I am trying to make a cqlsh request on Cassandra. The idea is analyse the average length from different 'gene' registers that had been annotated in a genome. After enter the data, I have this athaliana.tab table:
id | chr | comments | end | orf | sense | start | type
--------------------------------------+-----+-------------------+----------+-----+-------+----------+------
d2ab2520-6734-11e5-955c-234085c1edec | 1 | gene_id AT1G16340 | 5590338 | 0 | - | 5590241 | CDS
d4169c00-6734-11e5-955c-234085c1edec | 1 | gene_id AT1G16610 | 5676495 | . | - | 5676429 | exon
a8c792c0-6734-11e5-955c-234085c1edec | 1 | gene_id AT1G07485 | 2301889 | 0 | + | 2301665 | CDS
3bd5c0a0-6735-11e5-955c-234085c1edec | 1 | gene_id AT1G51980 | 19326916 | . | - | 19326733 | exon
263b5b60-6735-11e5-955c-234085c1edec | 1 | gene_id AT1G44990 | 17007808 | . | - | 17007542 | gene
67989a50-6735-11e5-955c-234085c1edec | 1 | gene_id AT1G63110 | 23405144 | . | + | 23404821 | UTR
26f7f4a0-6735-11e5-955c-234085c1edec | 1 | gene_id AT1G45180 | 17101207 | 0 | + | 17101109 | CDS
3743dc70-6735-11e5-955c-234085c1edec | 1 | gene_id AT1G50840 | 18841644 | 0 | + | 18840965 | CDS
e5099940-6734-11e5-955c-234085c1edec | 1 | gene_id AT1G20620 | 7145780 | . | + | 7145691 | exon
2ba30620-6735-11e5-955c-234085c1edec | 1 | gene_id AT1G48180 | 17793717 | . | - | 17792449 | gene
The idea is obtain the subtraction between end-start columns data and calculate the average. I have tried by this way:
SELECT avg(end-start) FROM athaliana.tab WHERE chr = '1' AND type = 'gene';
but it results in:
SyntaxException: <ErrorMessage code=2000 [Syntax error in CQL query] message="line 1:14 no viable alternative at input '-' (SELECT avg([end]-...)">
Some ideas? Any help will be really appreciated.

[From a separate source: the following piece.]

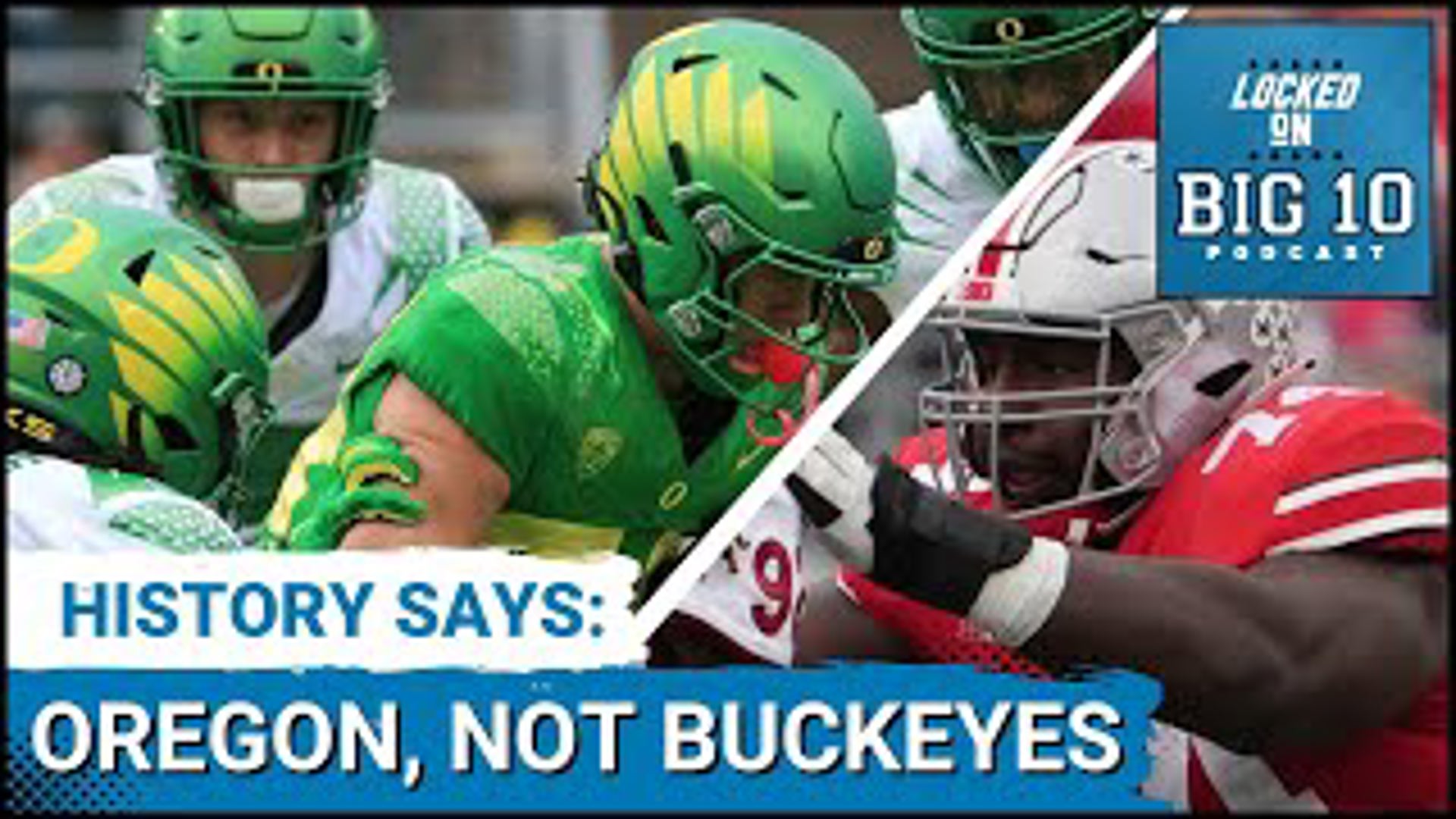 History says the Oregon Ducks football team has the best chance out of every Big Ten team to win the college football national championship.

Cassandra is designed for maximum read and write efficiency and has no built-in support for functions applying to multiple columns such as plus
or minus
nor for aggregates, i.e., functions applying to multiple rows, such as avg
or count
.
Until recently, the workaround was to store the results of your functions in a separate column and perform aggregations in your own application code.

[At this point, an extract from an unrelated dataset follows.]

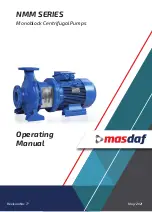 Preview for 1 page of Masdaf NMM Series Operating Manual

However, Cassandra 2.2 and 3.0 now offer User-Defined Functions (UDFs) and User-Defined Aggregates (UDAs). You can now define your own functions, then have Cassandra invoke them for you. See the CQL spec chapters on UDFs and UDAs or this blog post.

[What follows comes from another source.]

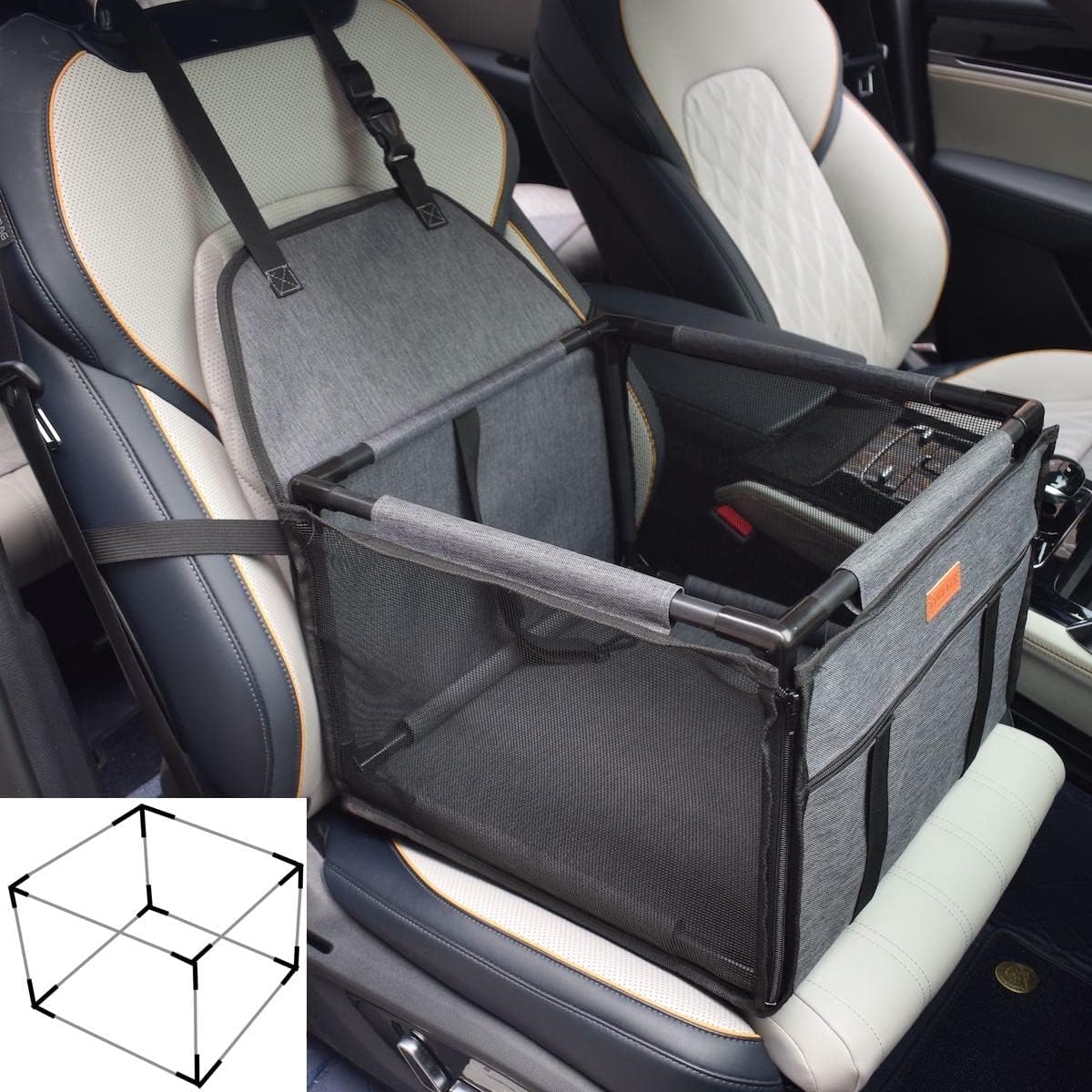 igadgitz Xtra U6960 Folding Dog Car Booster Seat Polyester Pet Car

First, create the following functions and aggregates:
USE athaliana;
CREATE FUNCTION minus (x int, y int) RETURNS NULL ON NULL INPUT RETURNS int LANGUAGE java AS 'return x-y;';
CREATE FUNCTION avgState (state tuple<int,bigint>, val int) CALLED ON NULL INPUT RETURNS tuple<int,bigint> LANGUAGE java AS '
if (val != null) {
state.setInt(0, state.getInt(0)+1);
state.setLong(1, state.getLong(1)+val.intValue());
}
return state;
';
CREATE FUNCTION avgFinal (state tuple<int,bigint>) CALLED ON NULL INPUT RETURNS double LANGUAGE java AS '
double r = 0;
if (state.getInt(0) == 0) return null;
r = state.getLong(1);
r /= state.getInt(0);
return Double.valueOf(r);
';
CREATE AGGREGATE avg(int) SFUNC avgState STYPE tuple<int,bigint> FINALFUNC avgFinal INITCOND (0, 0);
Then your query could be rewritten this way:
SELECT avg(minus(end,start)) FROM athaliana.tab WHERE chr = '1' AND type = 'gene';
Note that you should only use aggregates on a single partition key; if this is not the case, a warning will be raised.